The event is now called SNOWSHOE FEST. This is what I learned.
Sponsors: Get and invite the owners of local business involved. They can be your best salesman. Restaurants,
health food stores, fitness centers, schools, sports teams, ski shops, ect. all have customers and friends that can participate.
We give the owner/managers free passes and have a few of them sell tickets. They are all listed on promotional material.
Food: Provide lots of great food, everyone comes back to events with good food.
Prizes: Our first event had 10 sponsors and about 30 items in the draw. This year over 35 sponsors and over $3000.00 in prizes.
I could of doubled that, but want the event to grow each year.
Something for everyone: Provide trails for everyones abilities. Shorter and flatter ones for the older crowd.
Longer and hiller for the athletes. Trails should always have a rewarding view along the way or end and be fun.
By promoting a snowshoe event at ski area, we are able to attract non-skiers and have a chance to hook them on a new sport.
This year we will have a special adventure course, ski to a trail-side cabin and switch to snowshoes.
Then off to some mountains tops and ice falls. Mixing the two has lots of benefits.
Hope a few of the ideas help with attracting skiers back south.
If anyone remembers how I groomed and maintained my ski trails in southern mich.
Yes, the snowshoe trails get the same treatment at Stokely.
I brush-saw, line trim, hand trim and shovel the trails on and around King Mtn. to perfection. All 25 km.
The trails have the same type of flow I used when building the Highland Rec. Mtn. Bike trails, always Fun.
And yes -----Go Dan Go
||Posted - Dec 29 2010 : 11:14:54 AM
remember the old wabos loppet? a train ride followed by a 30 km ski back to the Soo? That was fun; is it still on?

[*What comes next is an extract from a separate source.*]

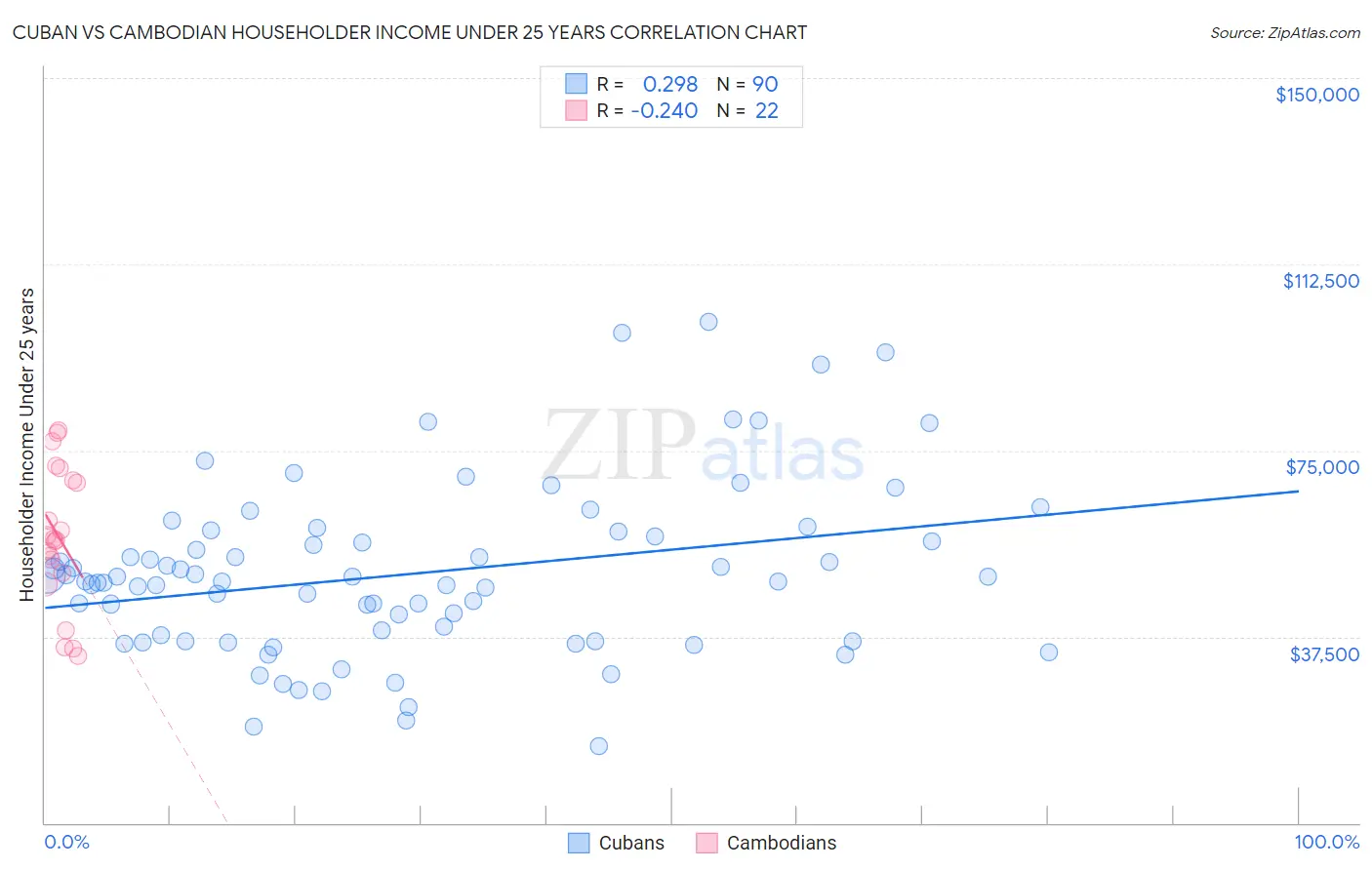 Cuban vs Cambodian Householder Income Under 25 years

||Posted - Dec 29 2010 : 10:20:42 AM
PS: Hey, Don, whattaya think of my idea of having a Big Day Michigan Ski Touring Series, where folks meet several times a season to ski several majestic trail systems. These would be no-fee non-events. Meet early in the morning then ski a big 15-30 mile hiking trail, like the Manistee NCT or Pigeon/Shinglemill HCP or the Jordan Valley or Potto or Stinchfield or the Chandlers. --Cool destinations that don't get much attention otherwise (and which aren't on the race map). Use touring skis (or whatever), bring your own food and have an adventure with a buncha other folks. These days could be promoted and pumped up for the challenge but other than requiring skill and gumption have no barrier to entry. (I post about such things at the OYB site.)

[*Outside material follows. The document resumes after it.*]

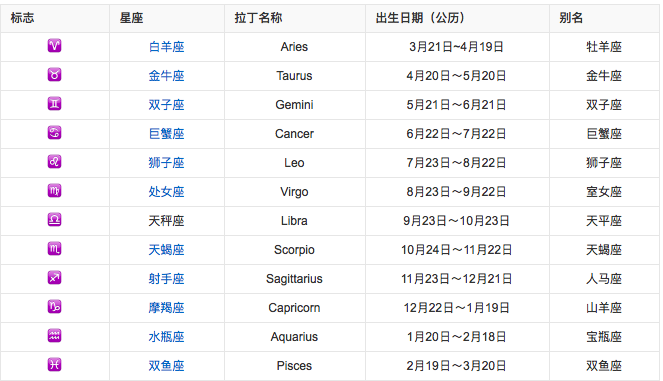 搜狐:全澳门最精准澳门资料网站-6月28日是什么星座  第1张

||Posted - Dec 29 2010 : 10:12:01 AM
The Frosty also gets more EXPOSURE for ski racing.
There might be various barriers for some folks but ya gotta start with knowing about it, with seeing it, and a local event helps get the word out.

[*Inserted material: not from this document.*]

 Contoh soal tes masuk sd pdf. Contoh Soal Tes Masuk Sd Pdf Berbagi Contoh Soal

I think there needs to be a big feeder system of tourers, dayskiers, picknickers plus a visible/known sport outlet for those who want to race.
Then the events themselves need to have a dual aspect like the Vasa used to have, where 1/3 were racers and a big bulk were neighborhood people who just wanted to get out for a big party on the trail. Get the tourers into the races again. I think it really helps to have big, fun food stops (in longer events) -- and a chili feast afterward.
Back when the Vasa had lots of tourists, the food-stops were smorgasbords. I also recall when the food-stops started becoming more spartan. That would be a big turn-off to fun-folk. The hard-core carried their own potions or had helpers handing up special things. There was less demand for stopping, chatting, snacking, rewaxing, warming up around a bonfire. Perhaps a vicious cycle was involved of less fun at the food stops going with fewer tourists which resulted in even fewer tourists.
I note that the Women's Ski Tour on the Vasa trail got more (or comparable) skiers than the Vasa race -- and they only had one gender there! The fancy and fun food stops along the way did the trick.
Well, the Iceman is huge so skiing COULD draw laterally from other sports.
I'm still thinking the overhead entry-barrier needs to be brought WAY down.
||Posted - Dec 29 2010 : 09:42:08 AM
That's one of the reasons for the Frosty Freestyle race - get more kids and family's involved in a large metropolitan area.